Going down the listing below, print exactly each line from the one with "Rooftop Deck, Garage, *Luxe* Mad Men Vibes" up to and including the one with "CC 26 Sandal", and skip the rest.

◇ ◇ ◇

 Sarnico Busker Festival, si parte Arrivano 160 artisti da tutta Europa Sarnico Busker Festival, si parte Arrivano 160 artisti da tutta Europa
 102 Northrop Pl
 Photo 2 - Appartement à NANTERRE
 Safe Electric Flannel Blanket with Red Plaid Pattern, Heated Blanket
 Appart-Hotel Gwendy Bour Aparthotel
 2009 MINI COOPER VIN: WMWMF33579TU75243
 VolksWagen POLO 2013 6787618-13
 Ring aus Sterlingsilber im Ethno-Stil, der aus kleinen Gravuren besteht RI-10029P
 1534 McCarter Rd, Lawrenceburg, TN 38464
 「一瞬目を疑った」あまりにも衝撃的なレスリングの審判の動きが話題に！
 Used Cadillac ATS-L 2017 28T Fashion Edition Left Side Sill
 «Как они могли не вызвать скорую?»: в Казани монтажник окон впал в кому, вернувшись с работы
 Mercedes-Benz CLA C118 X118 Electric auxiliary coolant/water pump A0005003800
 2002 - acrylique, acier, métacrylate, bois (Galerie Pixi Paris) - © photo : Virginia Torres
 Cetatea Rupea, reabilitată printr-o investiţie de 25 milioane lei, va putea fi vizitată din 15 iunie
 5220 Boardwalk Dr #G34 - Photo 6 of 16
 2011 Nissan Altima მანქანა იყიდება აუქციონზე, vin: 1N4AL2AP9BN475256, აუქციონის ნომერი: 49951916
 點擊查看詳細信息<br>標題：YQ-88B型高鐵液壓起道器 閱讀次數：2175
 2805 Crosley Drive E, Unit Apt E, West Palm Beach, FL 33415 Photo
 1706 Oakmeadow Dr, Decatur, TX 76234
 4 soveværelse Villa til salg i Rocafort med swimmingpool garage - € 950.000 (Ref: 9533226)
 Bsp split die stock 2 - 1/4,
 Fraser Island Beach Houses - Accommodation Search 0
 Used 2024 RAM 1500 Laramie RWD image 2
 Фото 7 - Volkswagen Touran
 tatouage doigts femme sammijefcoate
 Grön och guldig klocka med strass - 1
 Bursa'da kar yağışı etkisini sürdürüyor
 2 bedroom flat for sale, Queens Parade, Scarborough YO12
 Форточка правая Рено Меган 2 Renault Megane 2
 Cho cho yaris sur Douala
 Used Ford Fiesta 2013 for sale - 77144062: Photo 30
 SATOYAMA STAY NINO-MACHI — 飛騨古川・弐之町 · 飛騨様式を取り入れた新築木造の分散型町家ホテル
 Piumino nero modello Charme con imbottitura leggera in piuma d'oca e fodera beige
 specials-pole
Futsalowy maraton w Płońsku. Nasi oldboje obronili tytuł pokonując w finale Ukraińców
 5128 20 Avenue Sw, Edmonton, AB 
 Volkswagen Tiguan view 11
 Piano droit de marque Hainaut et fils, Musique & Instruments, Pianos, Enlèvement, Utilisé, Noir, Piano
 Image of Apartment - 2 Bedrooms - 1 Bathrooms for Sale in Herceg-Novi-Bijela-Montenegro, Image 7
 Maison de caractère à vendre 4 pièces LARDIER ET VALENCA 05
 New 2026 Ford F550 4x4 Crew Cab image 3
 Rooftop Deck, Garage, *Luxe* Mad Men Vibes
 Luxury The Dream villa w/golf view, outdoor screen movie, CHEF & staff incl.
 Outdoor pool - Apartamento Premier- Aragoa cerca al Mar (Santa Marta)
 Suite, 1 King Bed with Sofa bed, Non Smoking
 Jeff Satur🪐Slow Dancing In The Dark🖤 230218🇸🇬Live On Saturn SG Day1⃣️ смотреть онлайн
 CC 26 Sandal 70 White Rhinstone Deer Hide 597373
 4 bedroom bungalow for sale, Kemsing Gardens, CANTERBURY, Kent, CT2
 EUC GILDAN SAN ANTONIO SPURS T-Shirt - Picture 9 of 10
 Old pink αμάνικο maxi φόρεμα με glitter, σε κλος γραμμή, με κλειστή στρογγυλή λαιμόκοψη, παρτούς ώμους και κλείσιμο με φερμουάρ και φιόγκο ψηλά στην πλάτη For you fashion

◇ ◇ ◇

EXERCISE RESPONSE:
 Rooftop Deck, Garage, *Luxe* Mad Men Vibes
 Luxury The Dream villa w/golf view, outdoor screen movie, CHEF & staff incl.
 Outdoor pool - Apartamento Premier- Aragoa cerca al Mar (Santa Marta)
 Suite, 1 King Bed with Sofa bed, Non Smoking
 Jeff Satur🪐Slow Dancing In The Dark🖤 230218🇸🇬Live On Saturn SG Day1⃣️ смотреть онлайн
 CC 26 Sandal 70 White Rhinstone Deer Hide 597373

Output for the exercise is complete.